魔族の下位種族『魔獣』の呪いならば、たとえどれだけ重篤な症状であっても治せるはずだ。
「それでは、始めますね」
俺は意識を集中し、グインさんの全身へ闇を纏わり付かせた。
薄く柔らかく、悪いものを消すような感覚で。
すると――赤黒く変色した肌は、みるみるうちに元の美しい肌へ戻っていった。
「ほ、ほぅほぅ……っ!」
機械を通してその様子を観察していたケミーさんから、興味深そうな声があがる。
俺はそれを横目に見ながら、グインさんへ声を掛けた。
「無事に呪いは、解けました。

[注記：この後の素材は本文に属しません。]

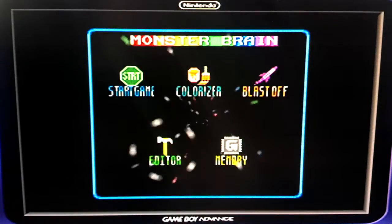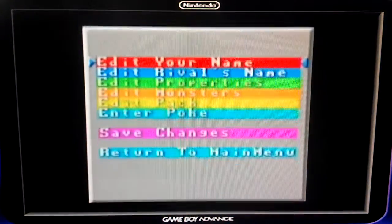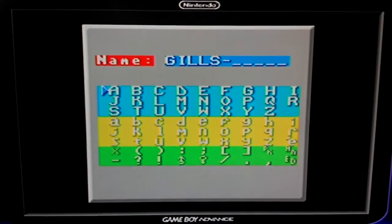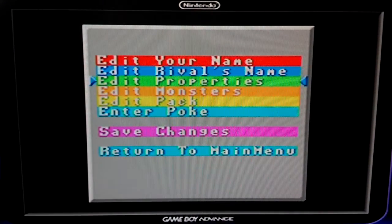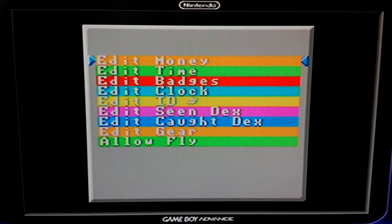Here's the editor. This allows me to change my name — I'm going to keep myself as Gills — and change my rival's name, which I never named. I can edit my money, the time that I have on my game, so I can say I beat the game in one minute. I can edit my badges, which doesn't really affect the use of Fly unfortunately — I can't fly to other towns if I haven't already been there. Clock, my ID, scene decks, cot decks, edit gear, and allow fly, which still doesn't seem to work.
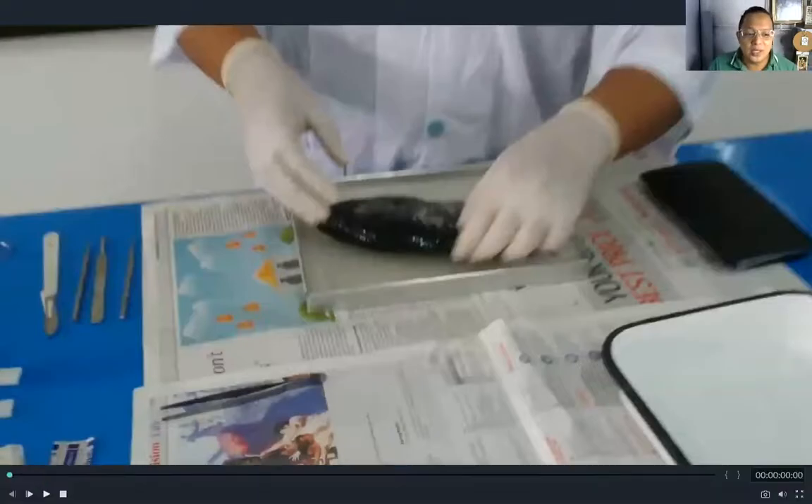Good morning. I am going to show how to dissect a tilapia properly and to discuss the external and internal parts of the fish. A fish is a cold-blooded animal, typically with a backbone and fins. It is primarily dependent on water as its habitat, and a fish uses its gills to breathe.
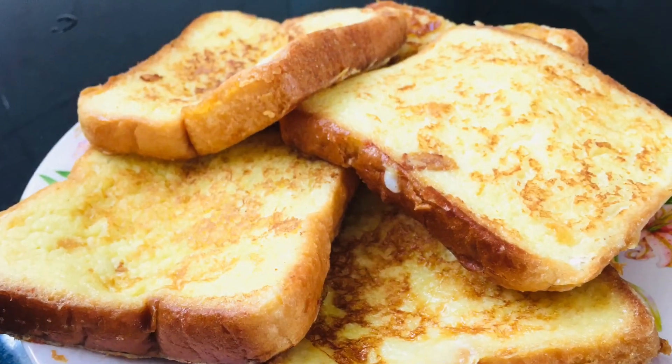A classic French toast is now ready! A lovely flavor is coming — you should try this at home. Come back to my channel to see more interesting videos, and don't forget to like, share, and subscribe. Bye for now!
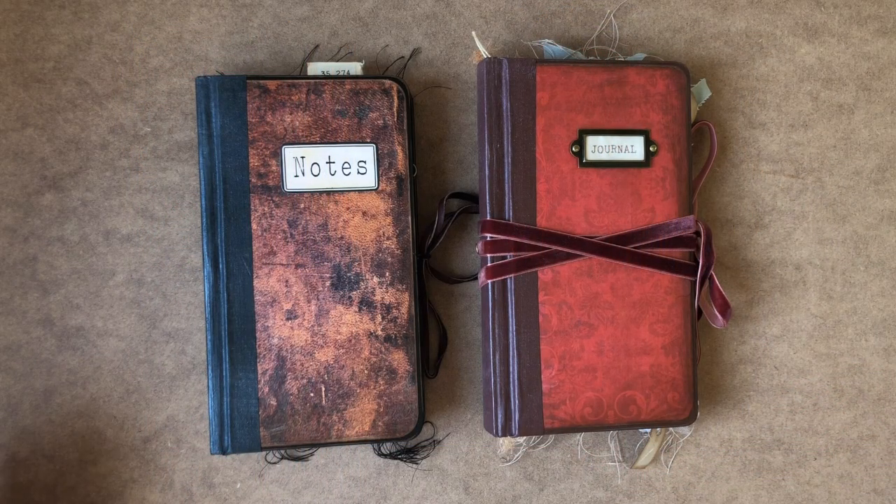Hello and welcome to my YouTube channel. Today I'm going to do a flick through of my two most recent journals.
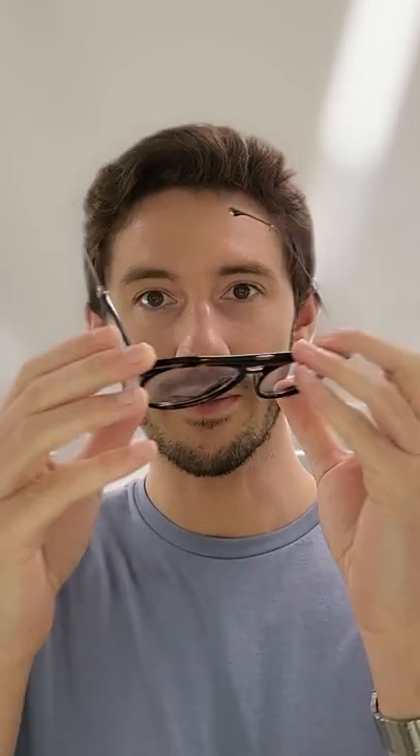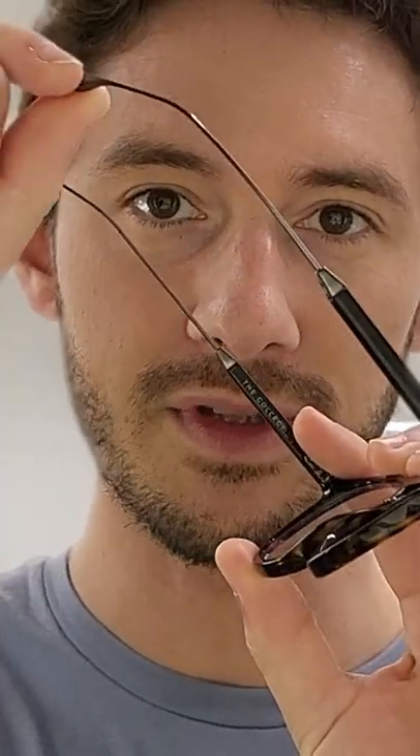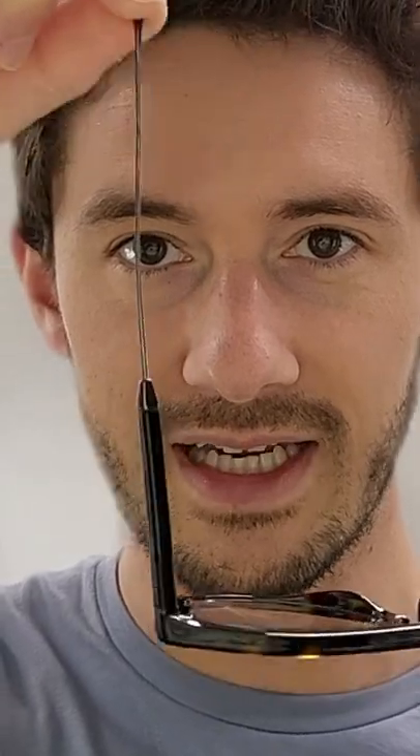These are handcrafted and use pure titanium temples, which are stripped titanium, so it's extremely flexible — and not only extremely flexible, extremely comfortable to wear as well. In this round navigator shape, they're just effortlessly cool.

……お体の具合はどうでしょうか?」
すると、
「あ、あぁ……う、動く……動くぞ……っ!」
彼は診察台に寝そべったまま、右腕を動かしてみせた。
(……やっぱり、立つことはできないか)
長年寝たきりの状態だったため、全身の筋肉がひどく衰えているようだ。
こればっかりは、リハビリをして筋肉を鍛えるしかない。
「す、凄い……っ! 俺の腕が、指が、足が……ちゃんと俺の体が……動くぞ……!」
だが、それでも――彼がとてつもない喜びに包まれているのは、誰の目にも明らかだった。
すると、
「ふむふむ、なるほどなるほど……」
ケミーさんは顕微鏡のような機械から目を離し、何やら考え込み始めた。
「……どうでした? 何かわかりましたか?」
「いえ、さすがにまだ何もわかりません。ただ、とても面白いものを見ることができました」
「面白いもの、ですか……?」
「はい。呪いが解けるその瞬間――赤黒い紋様は、まるでアレンくんの闇を避けるようにして、自壊した風に見えたんですよねぇ……」
「俺の闇を避けるように……?」
「えぇ、とても興味深い反応でした。次はちょっと別の機械を使って、皮膚の表面細胞にどういった反応が起こっているのか、もっと詳しく調べていきますねー」
彼女は別の機械を操作しながら、二人組の聖騎士へ声を掛ける。
「すみません、次は『二番』の方をお願いします」
「「はっ!」」
彼らはすぐに動き出し、担架に乗せられたグインさんを外へ運び出そうとした。
するとその瞬間。
「――ちょ、ちょっと待ってくれ!」
グインさんは突然、大きな声をあげた。
「ど、どうかしましたか? まだどこか痛みますか?」
「いや、もう大丈夫だ……! そうじゃなくて……先生、あ、あんた名前を教えてくれないか……!?」
彼は鬼気迫る勢いで、俺の名前を問うてきた。
「え、えーっと……。アレン=ロードルです」
「アレン=ロードルさん、だな……。その名前、絶対に一生忘れねぇ……っ。ありがとう、あんた凄ぇ人だ……本当に、本当にありがとう……っ!」
長年呪いに苦しめられたグインさんは、心から感謝の言葉を述べた。
「元気になって、本当によかったです。リハビリ、頑張ってくださいね」
俺がそう言うと、彼は嬉しそうに笑った。
「このデカい恩は、いつか必ず返させてもらうぞ……! 首を長くして、待っていてくれよ……っ!」
「――はい、そのときをずっと楽しみに待っていますね」
そうして無事に健康体となったグインさんは、部屋の外へ運び出されたのだった。